I didn't really mean the last one Ulairi because you are obviously very intelligent but I thought it was a good quote.

Actually I am not a quote master just a man with a very large quote book


----------



## Úlairi (Jun 8, 2002)

Your amusing Mithrandir2003. I'd like to extend you a membership to my new guild, the Guild of Quoters. You'd be my second-in-command.


----------



## Elu Thingol (Jun 9, 2002)

Sure. Sounds fun. Thank you.


----------



## Lantarion (Jun 10, 2002)

You're right, Tyaronumen, sorry.


----------



## Úlairi (Jun 11, 2002)

> _Originally posted by Elu Thingol _
> *Sure. Sounds fun. Thank you. *



Sorry Elu, I meant you, not Mithrandir2003. However, I would like M2003 to join in also, and you too Ponti.


----------



## Tyaronumen (Jun 11, 2002)

> _Originally posted by Ulairi _
> *
> 
> Again people mix the definitions of immortality and invincibility. *



Uhhh -- what are you talking about? I don't even refer to immortality vs. invincibility in my post...?


----------



## Elu Thingol (Jun 11, 2002)

Sorry Ulairi, I am Mithrandir2003, I just felt my name was unoriginal and I changed it. I still want to be in the guild of quoters though .
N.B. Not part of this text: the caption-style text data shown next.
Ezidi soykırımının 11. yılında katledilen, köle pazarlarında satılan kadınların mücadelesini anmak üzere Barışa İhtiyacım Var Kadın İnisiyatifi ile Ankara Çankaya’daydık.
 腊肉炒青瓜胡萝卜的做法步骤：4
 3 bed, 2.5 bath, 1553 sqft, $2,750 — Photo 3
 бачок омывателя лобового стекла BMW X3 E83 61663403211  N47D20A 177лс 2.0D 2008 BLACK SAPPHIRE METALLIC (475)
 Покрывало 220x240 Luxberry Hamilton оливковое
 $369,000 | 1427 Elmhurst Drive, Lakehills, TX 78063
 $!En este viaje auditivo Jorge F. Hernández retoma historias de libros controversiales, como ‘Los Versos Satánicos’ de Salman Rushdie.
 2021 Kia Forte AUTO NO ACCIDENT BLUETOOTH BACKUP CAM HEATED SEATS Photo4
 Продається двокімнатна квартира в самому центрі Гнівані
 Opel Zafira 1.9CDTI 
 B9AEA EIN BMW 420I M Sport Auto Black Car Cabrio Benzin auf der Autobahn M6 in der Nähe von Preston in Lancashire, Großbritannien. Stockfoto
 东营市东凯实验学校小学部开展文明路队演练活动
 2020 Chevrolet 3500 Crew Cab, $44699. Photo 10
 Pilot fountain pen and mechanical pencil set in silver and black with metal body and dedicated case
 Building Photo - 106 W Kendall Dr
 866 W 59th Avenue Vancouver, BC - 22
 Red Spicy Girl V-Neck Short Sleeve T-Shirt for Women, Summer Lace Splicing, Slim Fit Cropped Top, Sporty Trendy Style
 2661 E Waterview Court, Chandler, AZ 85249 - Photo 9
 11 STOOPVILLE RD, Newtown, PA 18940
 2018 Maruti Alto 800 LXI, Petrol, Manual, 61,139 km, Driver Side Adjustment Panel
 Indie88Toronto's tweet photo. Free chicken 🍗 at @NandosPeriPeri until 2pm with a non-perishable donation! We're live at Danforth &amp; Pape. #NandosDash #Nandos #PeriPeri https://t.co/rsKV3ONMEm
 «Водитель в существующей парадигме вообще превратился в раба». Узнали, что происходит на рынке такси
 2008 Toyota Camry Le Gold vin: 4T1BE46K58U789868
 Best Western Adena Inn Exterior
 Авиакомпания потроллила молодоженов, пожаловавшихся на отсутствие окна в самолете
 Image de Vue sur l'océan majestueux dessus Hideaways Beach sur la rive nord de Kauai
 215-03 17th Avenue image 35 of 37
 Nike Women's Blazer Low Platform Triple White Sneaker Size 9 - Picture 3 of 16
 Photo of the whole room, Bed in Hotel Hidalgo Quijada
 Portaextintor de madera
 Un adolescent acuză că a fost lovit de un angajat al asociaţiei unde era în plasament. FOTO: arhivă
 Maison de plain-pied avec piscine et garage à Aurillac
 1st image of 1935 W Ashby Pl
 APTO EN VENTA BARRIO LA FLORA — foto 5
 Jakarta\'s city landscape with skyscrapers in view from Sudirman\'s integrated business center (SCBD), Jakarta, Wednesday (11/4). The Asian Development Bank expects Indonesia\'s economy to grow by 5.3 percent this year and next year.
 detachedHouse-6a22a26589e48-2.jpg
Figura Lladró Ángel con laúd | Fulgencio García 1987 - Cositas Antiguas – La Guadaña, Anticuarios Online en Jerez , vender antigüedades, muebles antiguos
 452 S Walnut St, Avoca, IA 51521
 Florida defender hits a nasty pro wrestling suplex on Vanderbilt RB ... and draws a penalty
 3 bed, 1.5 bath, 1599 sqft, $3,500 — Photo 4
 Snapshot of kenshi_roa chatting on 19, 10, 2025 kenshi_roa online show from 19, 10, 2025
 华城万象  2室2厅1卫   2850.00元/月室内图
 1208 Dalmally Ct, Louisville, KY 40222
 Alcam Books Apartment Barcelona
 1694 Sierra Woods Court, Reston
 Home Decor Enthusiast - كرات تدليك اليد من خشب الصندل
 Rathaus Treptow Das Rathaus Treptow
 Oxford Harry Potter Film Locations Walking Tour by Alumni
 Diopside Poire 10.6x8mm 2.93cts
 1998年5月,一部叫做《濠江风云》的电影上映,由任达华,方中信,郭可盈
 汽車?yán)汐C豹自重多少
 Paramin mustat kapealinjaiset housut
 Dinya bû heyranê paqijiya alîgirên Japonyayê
And Mithrandir2003 drops his cloak and reveals Elu Thingol Lord of the Sindar


----------



## e.Blackstar (Jun 14, 2002)

on a completely different note,Morgoth was Melkor,right,not Manwe?i always get them mixed up.


----------



## Úlairi (Jun 14, 2002)

> _Originally posted by Elu Thingol _
> *Sorry Ulairi, I am Mithrandir2003, I just felt my name was unoriginal and I changed it. I still want to be in the guild of quoters though .
> 
> And Mithrandir2003 drops his cloak and reveals Elu Thingol Lord of the Sindar *



I was considering four or so names before I logged on:

Ulairi
Iarwain Ben-adar (however, this did not fit)
Glaurung
Elu Thingol

So I'm glad to see the alias of Elu Thingol bestowed on a worthy person. There are a few people on the forum that don't deserve their aliases.


----------



## Elu Thingol (Jun 15, 2002)

> _Posted by Ulairi_
> So I'm glad to see the alias of Elu Thingol bestowed on a worthy person. There are a few people on the forum that don't deserve their aliases.



I'm flattered


----------



## Úlairi (Jun 15, 2002)

You know, I just thought to myself how easily I can change my mind about people. I used to think that you were ignorant and a waste of time, however Elu, now I see you as a formidable adversary and a good friend. I do believe that I will add you to my buddy list.


----------



## Elu Thingol (Jun 15, 2002)

I shall also add you to my list Ulairi. I too consider you a worthy opponent and a good friend.


----------